Canada's boxer Mary Spencer carries her country's flag during the closing ceremony of the Pan American Games in Guadalajara October 30, 2011. (REUTERS/Jose Miguel Gomez)

STEVE BUFFERY, QMI Agency

, Last Updated: 9:47 AM ET

TORONTO - There’s a giant statue of a rodent in Wiarton.

It’s an albino groundhog, Wiarton Willie, who apparently has the ability to predict whether there’s going to be an early spring or not.

Willie’s huge in Wiarton. And rightly so. There aren’t many homo sapiens who can predict the change of seasons, so a rodent to be able to do that is pretty spectacular.

Still, if boxer Mary Spencer lives up to expectations at the 2012 London Olympics, she may very well surpass Willie as the biggest celebrity ever to come out of Wiarton, though she’s not banking on it, given Willie’s God-like status.

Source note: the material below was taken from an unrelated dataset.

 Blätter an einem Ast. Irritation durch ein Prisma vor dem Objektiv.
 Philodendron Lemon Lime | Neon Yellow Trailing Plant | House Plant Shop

“No,” said Spencer, when asked if a gold medal in London will propel her past Willie in popularity in her hometown. “How can you beat the groundhog? Everyone knows the groundhog. There’s pictures of Willie on every street post.

“Besides,” she added. “He’s such a cute little guy.”

Okay, Spencer, who was born in Wiarton and lived in nearby Cape Croker before moving with her family to Windsor when she was 6, may never overtake Willie in popularity, at least up there in the Bruce Peninsula, but if she does win the 75 kg gold in London as expected, she may become the first amateur boxer since Shawn O’Sullivan and Willie deWit in 1984 to become a household name in Canada.

Won gold

Spencer, who won the gold at the recent Pan Am Games in Guadalajara and carried the Canadian flag in the closing ceremony, realizes that her life is going to change in the months and weeks leading up to London.

As a three-time world champion, and recent Pan Am Games winner, she will be one of the few Canadian athletes expected to win gold in London. On top of that, London will represent the first time women’s boxing will be contested at an Olympics, so the attention on Spencer will be immense.

But rather than shy away from that, Spencer embraces it. Obviously, from a personal standpoint, winning the gold is her ultimate dream. But she also realizes that a gold could help get amateur boxing back on its feet in Canada. And that’s very important to her.

“The best way I can help boxing in this country is by winning a gold medal,” she said. “And I take that very seriously.”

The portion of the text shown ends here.